普通借地権の付いたマンションのデメリットとは何でしょうか。
一般的に販売されているマンションを購入すると、土地と建物において区分所有権を取得します。
ところが最近、都心のマンションを中心に、定期借地権や普通借地権と書かれているマンションの広告を見ることがあります。
借地権付きのマンションにはメリットもデメリットもあります。
目次
普通借地権付きマンションのデメリット|普通借地権付きマンションとは
借地権とは、第三者の土地を借りることで、その上に自己の建物を建てられる権利のことです。
借りている以上、自由に取扱える所有権とは異なり、使用する上でいくつかの制約を受けるというデメリットがあります。
例えば、借地人は地主の許可なく借地権を第三者に転貸・譲渡することはできません。
ただし、土地の上に建つ建物に関しては土地の賃貸借契約とは別物になります。
「借地権付きマンション」を購入した場合、建物については所有権を得られますが、土地は借地権になり、マンション購入者は借地人となります。
借地権の権利の取扱いなど土地や家を借りる時の法律は、借地借家法に規定に即します(平成4年8月以前のものは旧借地法が適用)。
普通借地権付きマンションのデメリット|定期借地権マンションの違いとデメリット
借地権は権利の更新時の取扱いによって、普通借地権と定期借地権に分けられます。
- 普通借地権
普通借地権では、借地人が期間満了時に希望すれば契約を更新できます。
最初の契約では借地期間は30年とされ、1回目の更新で20年、2回目以降の更新では10年と存続期間が定められます。
- 定期借地権
借地権付きマンションで主に利用されているのは、一般定期借地権です。
一般定期借地権は契約期間が50年以上と定められており、契約当初に期限付きで土地の賃借を行い、期間満了後に土地の所有者に更地で戻すことが前提になります。
借地権付きマンションでは、建物の老朽化を想定し、50年や70年の期限が定められた定期借地権が多くなっています。

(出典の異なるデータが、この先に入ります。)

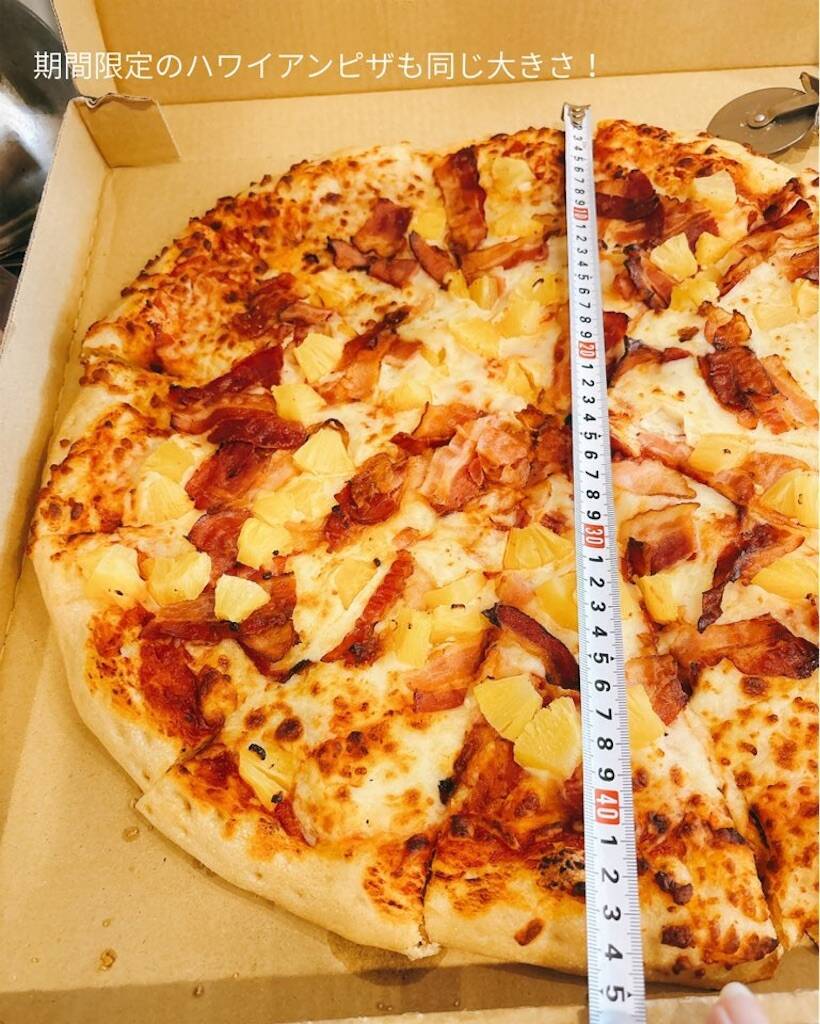 コストコテイクアウトピザの冷凍方とおいしい解凍方は？ランキンｇｏｏｄ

いずれにしても、マンションを購入する人にとっては、期限があるということは大きなデメリットです。
普通借地権付きマンションのデメリット|維持費におけるデメリット
借地権付きマンションは土地は借りているため、土地部分の固定資産税や都市計画税の負担が無いというメリットがある反面、地代を支払わなければならないというデメリットがあります。
また、定期借地権では、地代の他に解体積立金がかかります。
新築マンションの場合、新築当初の管理費や修繕積立金などは低く設定されていますが、段階的に値上がりするケースが多くなっています。
なお、借地権付きマンションの購入に利用できる住宅ローンもありますが、残存期間による条件によってはローンを組めないことがあり、その場合は購入したくてもできなくなります。
また、権利更新時の手続きや建物の立替時など、土地所有者との権利関係で将来の予定が立てづらい面があります。
普通借地権付きマンションのデメリット|借地権付きマンションのデメリット
借地権付きマンションのデメリットをまとめると以下になります。
- 将来的に、土地を返さなければならないことが起こり得ます。
- 地代の支払いが必要であり、さらに値上りすることもあります。
- 売却したい時に買い手が付きにくい面があります。
- 土地評価を担保にできないため、住宅ローンが組みにくくなります。
なお、定期借地権マンションの場合は上記に加えて、借地期間満了後は更地にして返却するため、建物を壊すための解体積立金を取られます。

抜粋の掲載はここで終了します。